Resilience – Reflections on the Swissair Tragedy Twenty Years Later

One of two Swissair memorials on shore, this one overlooking Peggy’s Cove. The right-hand stone points to the interment site at Bayswater, the one on the left to the third corner of a triangle, the crash site offshore.

Tomorrow night, at 22:31 Atlantic Time, hundreds of people around the world will be taking quiet moments in their own way to mark the twentieth anniversary of that awful moment when Swissair’s Flight 111 from New York to Geneva plunged into the shallow waters of St. Margaret’s Bay, just a few minutes flying time from the city of Halifax. The tragedy was compounded by the terrible knowledge that only one of the 229 bodies, a child, was sufficiently intact to be identifiable visually. Recovering remains of the others, whether floating, entangled in the wreckage or washed ashore, was to be a mammoth and grisly challenge. Those involved in supporting grieving families; recovering and trying to identify body parts; retrieving wreckage; reconstructing bits of the aircraft to determine the cause; cleaning up the shoreline; or simply supporting those who did – they number in the thousands, and all have their own meaningful memories. Here’s three of mine.

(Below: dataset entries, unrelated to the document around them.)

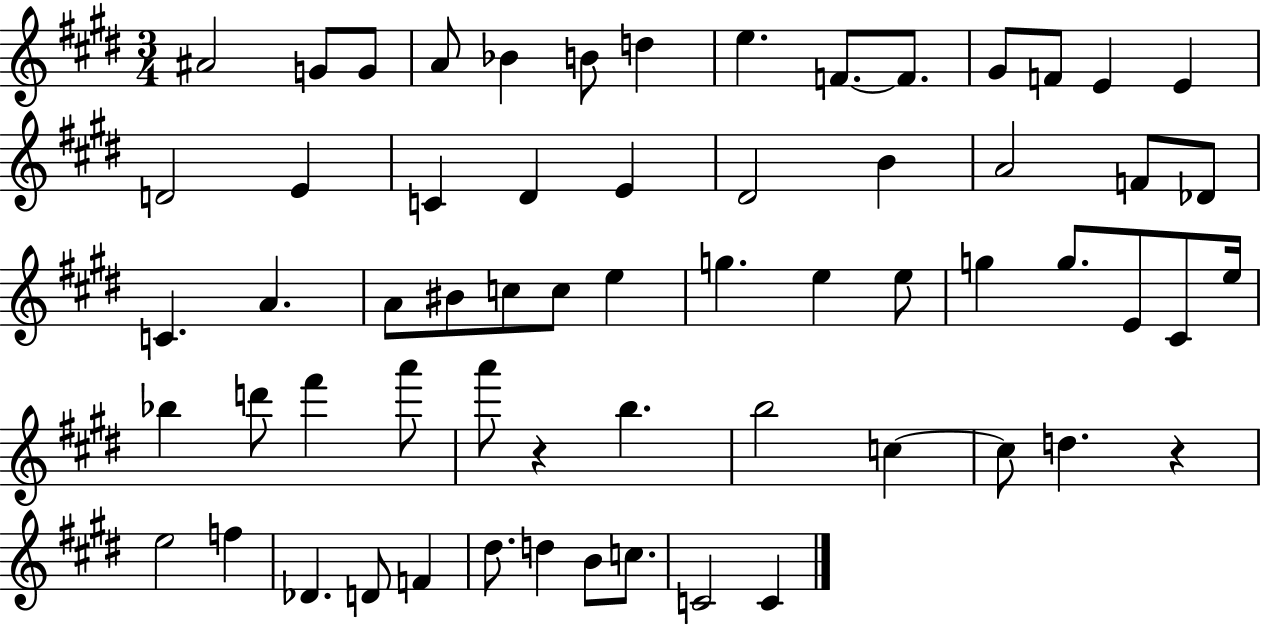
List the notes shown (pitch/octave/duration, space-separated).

A#4/h G4/e G4/e A4/e Bb4/q B4/e D5/q E5/q. F4/e. F4/e. G#4/e F4/e E4/q E4/q D4/h E4/q C4/q D#4/q E4/q D#4/h B4/q A4/h F4/e Db4/e C4/q. A4/q. A4/e BIS4/e C5/e C5/e E5/q G5/q. E5/q E5/e G5/q G5/e. E4/e C#4/e E5/s Bb5/q D6/e F#6/q A6/e A6/e R/q B5/q. B5/h C5/q C5/e D5/q. R/q E5/h F5/q Db4/q. D4/e F4/q D#5/e. D5/q B4/e C5/e. C4/h C4/q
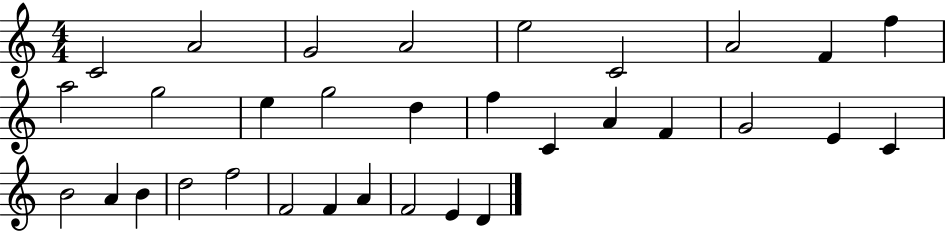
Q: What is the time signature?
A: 4/4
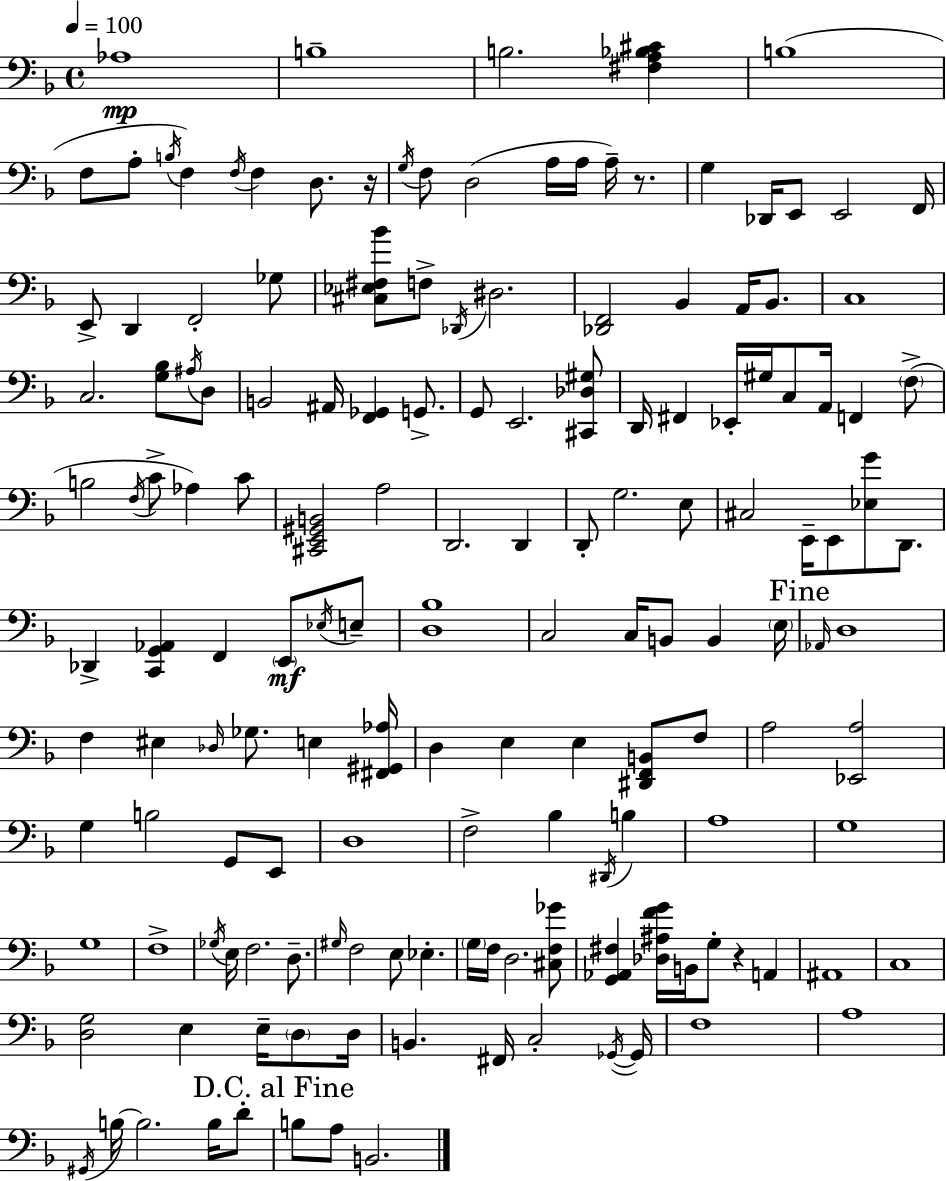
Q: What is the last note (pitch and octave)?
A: B2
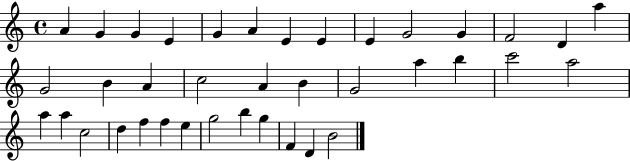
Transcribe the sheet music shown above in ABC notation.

X:1
T:Untitled
M:4/4
L:1/4
K:C
A G G E G A E E E G2 G F2 D a G2 B A c2 A B G2 a b c'2 a2 a a c2 d f f e g2 b g F D B2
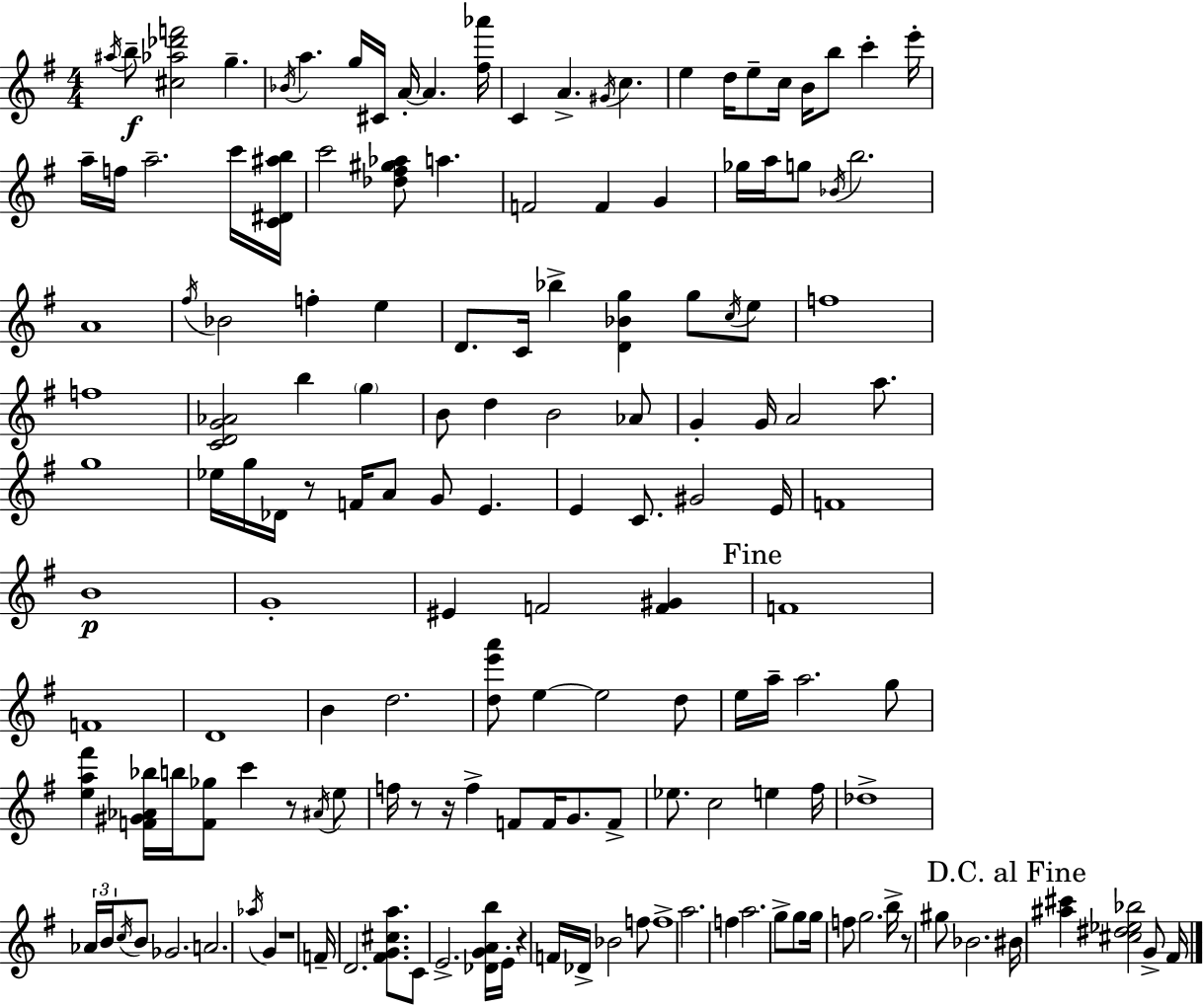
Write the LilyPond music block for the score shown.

{
  \clef treble
  \numericTimeSignature
  \time 4/4
  \key e \minor
  \acciaccatura { ais''16 }\f b''8-- <cis'' aes'' des''' f'''>2 g''4.-- | \acciaccatura { bes'16 } a''4. g''16 cis'16 a'16-.~~ a'4. | <fis'' aes'''>16 c'4 a'4.-> \acciaccatura { gis'16 } c''4. | e''4 d''16 e''8-- c''16 b'16 b''8 c'''4-. | \break e'''16-. a''16-- f''16 a''2.-- | c'''16 <c' dis' ais'' b''>16 c'''2 <des'' fis'' gis'' aes''>8 a''4. | f'2 f'4 g'4 | ges''16 a''16 g''8 \acciaccatura { bes'16 } b''2. | \break a'1 | \acciaccatura { fis''16 } bes'2 f''4-. | e''4 d'8. c'16 bes''4-> <d' bes' g''>4 | g''8 \acciaccatura { c''16 } e''8 f''1 | \break f''1 | <c' d' g' aes'>2 b''4 | \parenthesize g''4 b'8 d''4 b'2 | aes'8 g'4-. g'16 a'2 | \break a''8. g''1 | ees''16 g''16 des'16 r8 f'16 a'8 g'8 | e'4. e'4 c'8. gis'2 | e'16 f'1 | \break b'1\p | g'1-. | eis'4 f'2 | <f' gis'>4 \mark "Fine" f'1 | \break f'1 | d'1 | b'4 d''2. | <d'' e''' a'''>8 e''4~~ e''2 | \break d''8 e''16 a''16-- a''2. | g''8 <e'' a'' fis'''>4 <f' gis' aes' bes''>16 b''16 <f' ges''>8 c'''4 | r8 \acciaccatura { ais'16 } e''8 f''16 r8 r16 f''4-> f'8 | f'16 g'8. f'8-> ees''8. c''2 | \break e''4 fis''16 des''1-> | \tuplet 3/2 { aes'16 b'16 \acciaccatura { c''16 } } b'8 ges'2. | a'2. | \acciaccatura { aes''16 } g'4 r1 | \break f'16-- d'2. | <fis' g' cis'' a''>8. c'8 e'2.-> | <des' g' a' b''>16 e'16-. r4 f'16 des'16-> bes'2 | f''8 f''1-> | \break a''2. | f''4 a''2. | g''8-> g''8 g''16 f''8 g''2. | b''16-> r8 gis''8 bes'2. | \break \mark "D.C. al Fine" bis'16 <ais'' cis'''>4 <cis'' dis'' ees'' bes''>2 | g'8-> fis'16 \bar "|."
}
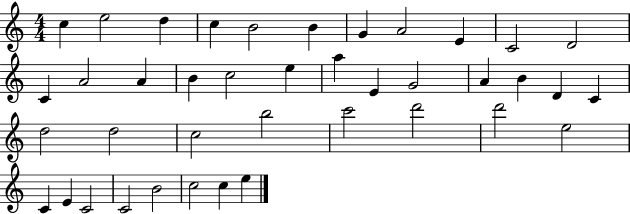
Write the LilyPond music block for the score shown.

{
  \clef treble
  \numericTimeSignature
  \time 4/4
  \key c \major
  c''4 e''2 d''4 | c''4 b'2 b'4 | g'4 a'2 e'4 | c'2 d'2 | \break c'4 a'2 a'4 | b'4 c''2 e''4 | a''4 e'4 g'2 | a'4 b'4 d'4 c'4 | \break d''2 d''2 | c''2 b''2 | c'''2 d'''2 | d'''2 e''2 | \break c'4 e'4 c'2 | c'2 b'2 | c''2 c''4 e''4 | \bar "|."
}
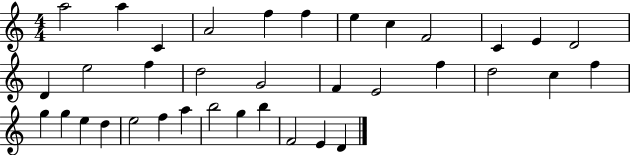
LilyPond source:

{
  \clef treble
  \numericTimeSignature
  \time 4/4
  \key c \major
  a''2 a''4 c'4 | a'2 f''4 f''4 | e''4 c''4 f'2 | c'4 e'4 d'2 | \break d'4 e''2 f''4 | d''2 g'2 | f'4 e'2 f''4 | d''2 c''4 f''4 | \break g''4 g''4 e''4 d''4 | e''2 f''4 a''4 | b''2 g''4 b''4 | f'2 e'4 d'4 | \break \bar "|."
}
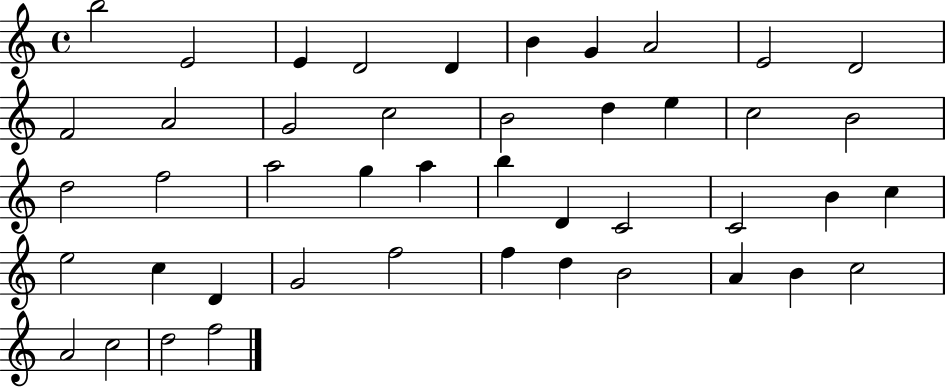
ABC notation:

X:1
T:Untitled
M:4/4
L:1/4
K:C
b2 E2 E D2 D B G A2 E2 D2 F2 A2 G2 c2 B2 d e c2 B2 d2 f2 a2 g a b D C2 C2 B c e2 c D G2 f2 f d B2 A B c2 A2 c2 d2 f2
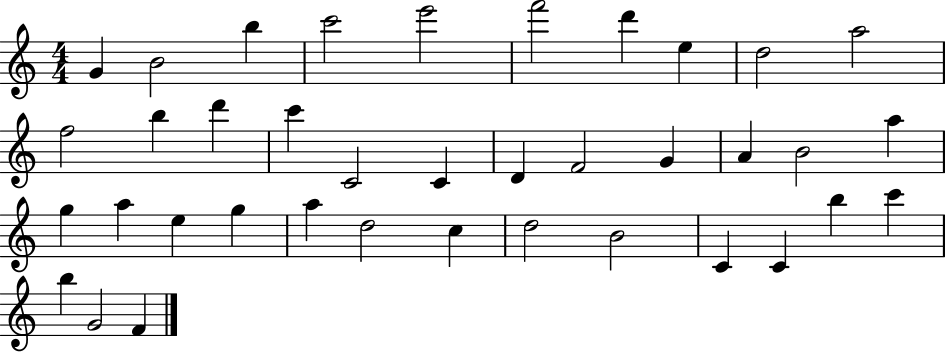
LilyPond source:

{
  \clef treble
  \numericTimeSignature
  \time 4/4
  \key c \major
  g'4 b'2 b''4 | c'''2 e'''2 | f'''2 d'''4 e''4 | d''2 a''2 | \break f''2 b''4 d'''4 | c'''4 c'2 c'4 | d'4 f'2 g'4 | a'4 b'2 a''4 | \break g''4 a''4 e''4 g''4 | a''4 d''2 c''4 | d''2 b'2 | c'4 c'4 b''4 c'''4 | \break b''4 g'2 f'4 | \bar "|."
}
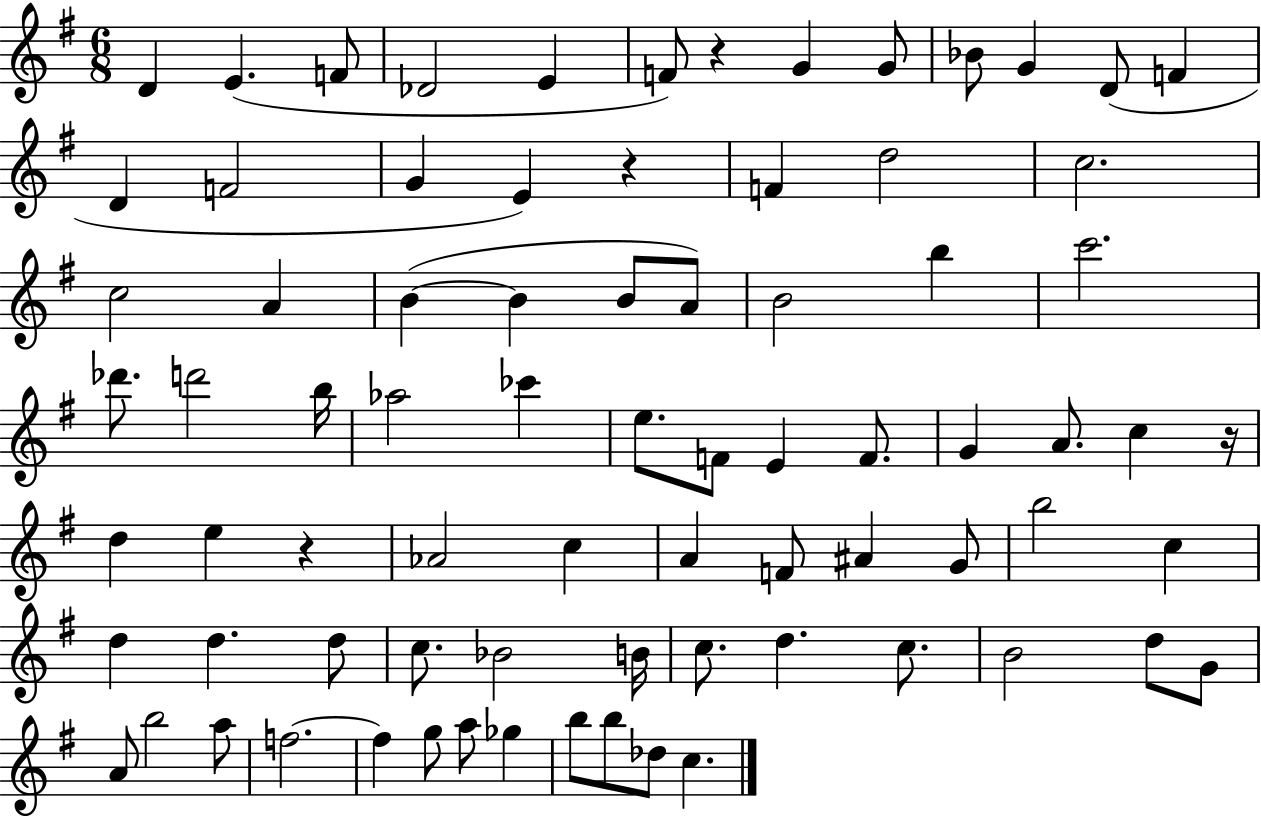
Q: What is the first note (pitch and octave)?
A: D4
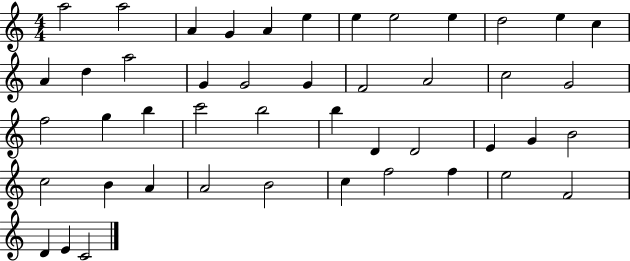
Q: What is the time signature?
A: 4/4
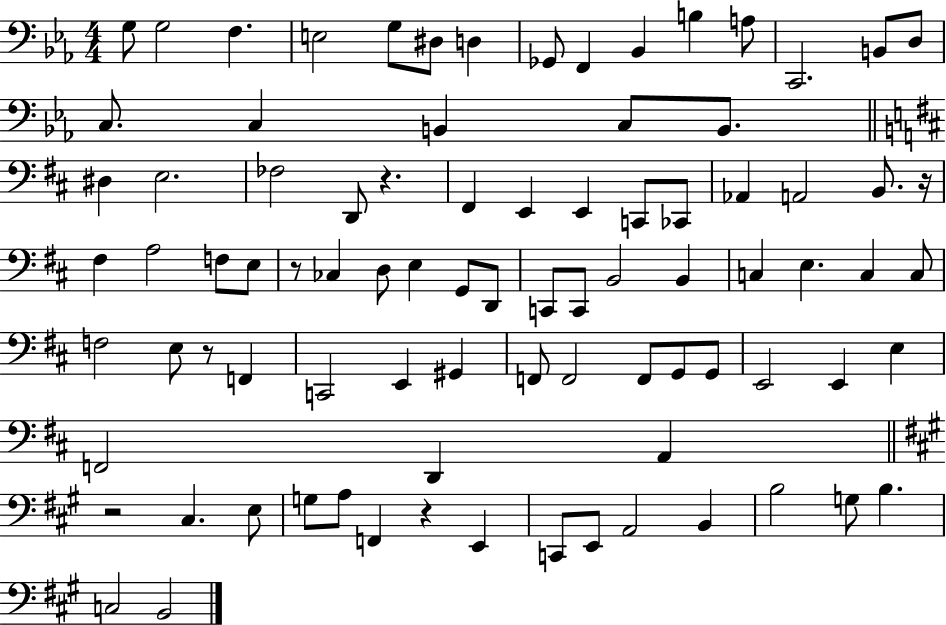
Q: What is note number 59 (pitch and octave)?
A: G2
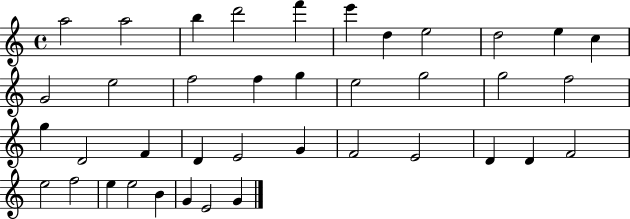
{
  \clef treble
  \time 4/4
  \defaultTimeSignature
  \key c \major
  a''2 a''2 | b''4 d'''2 f'''4 | e'''4 d''4 e''2 | d''2 e''4 c''4 | \break g'2 e''2 | f''2 f''4 g''4 | e''2 g''2 | g''2 f''2 | \break g''4 d'2 f'4 | d'4 e'2 g'4 | f'2 e'2 | d'4 d'4 f'2 | \break e''2 f''2 | e''4 e''2 b'4 | g'4 e'2 g'4 | \bar "|."
}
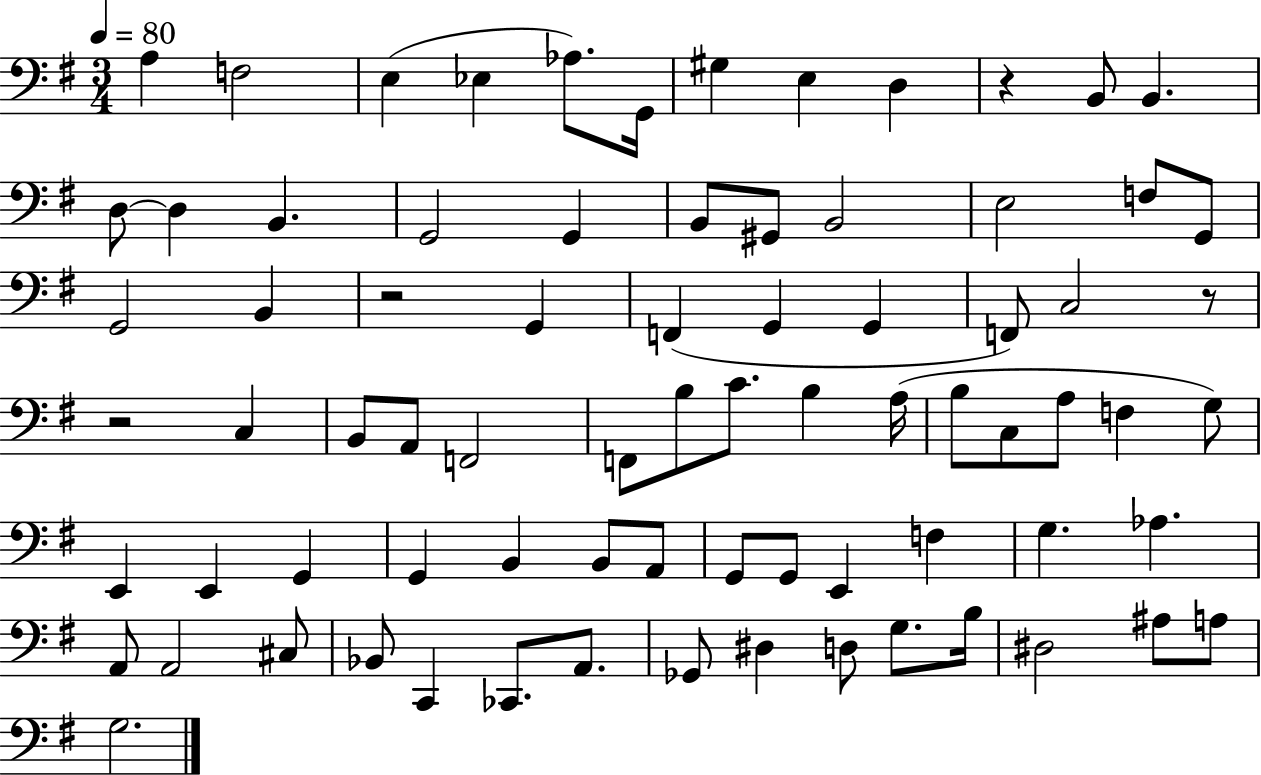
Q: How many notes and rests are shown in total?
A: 77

Immediately after the crash, a temporary morgue was set up in a hangar at the Shearwater naval air station across the harbour from Halifax, staffed by a team of more than 100 forensic pathologists, technicians, DNA experts, dentists, radiologists and technicians, all under the leadership of Nova Scotia’s Chief Medical Examiner. Identifying everyone on board was not just a legal and investigative requirement, but also a moral and humane one. Dr. John Butt appeared to be tireless and became the face of that effort and, above all, the one who had to meet collectively and individually with grieving families to explain that there would be no bodies to bury, only some positively identified fragments of bone or flesh. If, as Ernest Hemingway once suggested, courage is grace under pressure, then John Butt had courage in spades.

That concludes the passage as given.